▶ **Provided material**
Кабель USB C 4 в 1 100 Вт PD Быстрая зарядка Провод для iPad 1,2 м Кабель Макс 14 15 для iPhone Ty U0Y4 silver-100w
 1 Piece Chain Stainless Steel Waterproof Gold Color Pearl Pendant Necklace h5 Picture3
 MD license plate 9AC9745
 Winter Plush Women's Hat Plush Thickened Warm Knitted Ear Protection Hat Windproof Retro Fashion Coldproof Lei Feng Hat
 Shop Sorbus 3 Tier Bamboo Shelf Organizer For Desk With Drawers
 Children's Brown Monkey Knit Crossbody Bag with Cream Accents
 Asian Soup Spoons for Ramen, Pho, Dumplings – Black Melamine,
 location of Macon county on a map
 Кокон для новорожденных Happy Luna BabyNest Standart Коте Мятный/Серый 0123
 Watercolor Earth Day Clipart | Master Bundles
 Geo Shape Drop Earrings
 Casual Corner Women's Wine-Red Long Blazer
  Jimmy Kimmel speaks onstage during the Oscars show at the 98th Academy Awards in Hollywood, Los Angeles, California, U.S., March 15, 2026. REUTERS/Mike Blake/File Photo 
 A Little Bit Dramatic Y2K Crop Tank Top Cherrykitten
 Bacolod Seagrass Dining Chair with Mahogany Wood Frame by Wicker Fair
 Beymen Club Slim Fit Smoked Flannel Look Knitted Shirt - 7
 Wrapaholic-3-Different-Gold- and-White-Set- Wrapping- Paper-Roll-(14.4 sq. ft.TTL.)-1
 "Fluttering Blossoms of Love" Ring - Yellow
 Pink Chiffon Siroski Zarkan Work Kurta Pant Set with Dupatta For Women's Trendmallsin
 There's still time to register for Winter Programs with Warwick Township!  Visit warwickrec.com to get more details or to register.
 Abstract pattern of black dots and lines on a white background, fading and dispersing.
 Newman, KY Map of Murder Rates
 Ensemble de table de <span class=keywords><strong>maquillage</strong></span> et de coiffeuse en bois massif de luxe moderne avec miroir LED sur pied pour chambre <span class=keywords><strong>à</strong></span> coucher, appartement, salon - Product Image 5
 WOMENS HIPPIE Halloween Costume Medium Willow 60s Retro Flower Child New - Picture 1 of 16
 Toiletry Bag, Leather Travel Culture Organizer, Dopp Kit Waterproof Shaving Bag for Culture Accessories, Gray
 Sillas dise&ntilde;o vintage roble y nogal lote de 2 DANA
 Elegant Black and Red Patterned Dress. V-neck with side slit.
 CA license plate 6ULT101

▶ **Task directions**
Write out a verbatim copy of the data, beginning with its first line and ending with the line that contains "Кокон для новорожденных".

▶ **Result of this exercise**
Кабель USB C 4 в 1 100 Вт PD Быстрая зарядка Провод для iPad 1,2 м Кабель Макс 14 15 для iPhone Ty U0Y4 silver-100w
 1 Piece Chain Stainless Steel Waterproof Gold Color Pearl Pendant Necklace h5 Picture3
 MD license plate 9AC9745
 Winter Plush Women's Hat Plush Thickened Warm Knitted Ear Protection Hat Windproof Retro Fashion Coldproof Lei Feng Hat
 Shop Sorbus 3 Tier Bamboo Shelf Organizer For Desk With Drawers
 Children's Brown Monkey Knit Crossbody Bag with Cream Accents
 Asian Soup Spoons for Ramen, Pho, Dumplings – Black Melamine,
 location of Macon county on a map
 Кокон для новорожденных Happy Luna BabyNest Standart Коте Мятный/Серый 0123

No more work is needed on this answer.